Apesar de enxergar ousadia também em seus trabalhos anteriores, Daniel Rezende não esconde que o novo longa representa uma espécie de reinvenção em sua direção. “É um tipo de cinema que eu nunca tinha feito, algo muito mais pessoal e autoral, de maneira que, talvez, não seja um filme para todo mundo. Meus outros longas tinham uma pegada um pouco mais pop e esse se arrisca mais, vai na contramão do algoritmo. Além disso, é a primeira vez que eu escrevo um roteiro”, comentou.
Na contramão de outros títulos presentes no catálogo da Netflix, o longa de Rezende não parece preso a fórmulas para engajar o público nas redes sociais. “Esse é um filme que propõe o silêncio e um tempo estendido, flertando com o realismo mágico em um ‘não-lugar’. Mais do que tudo isso, ele fala sobre afeto, que é o que tem surpreendido as pessoas muito positivamente”, disse.

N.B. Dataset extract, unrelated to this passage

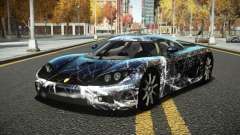 Koenigsegg CCX Tustrom S9 for GTA 4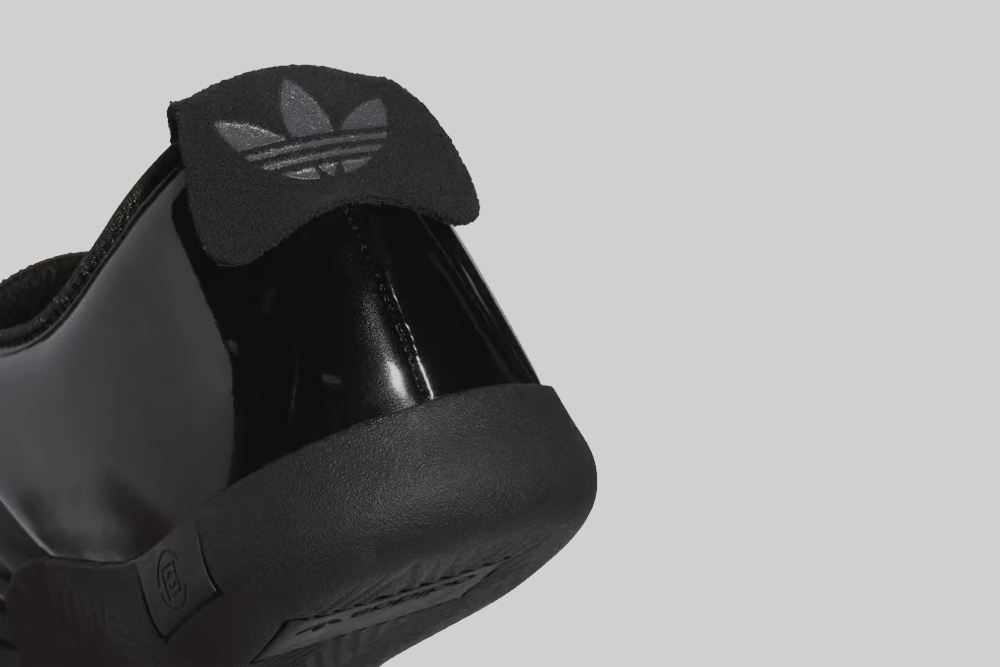 Women's adidas x Caroline Hu x Edison Chen Taekwondo 'Core Black' - KK1395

O longa conseguiu emocionar até mesmo o escritor Valter Hugo Mãe. Durante sua participação na 23ª Festa Literária Internacional de Paraty, em agosto, o português chegou a afirmar que o filme superava a obra literária. Em sua adaptação, Daniel manteve a essência do romance, mas teve liberdade para fazer algumas mudanças.
“Acho que o filme é muito fiel ao livro, mas tem sua identidade própria. Não gosto dessa disputa de qual é melhor. São duas coisas diferentes, que podem coexistir e se complementar. Mas é claro que não posso negar que fiquei muito mais feliz ao saber que o filme tocou o criador da história de uma forma tão especial”, confessou.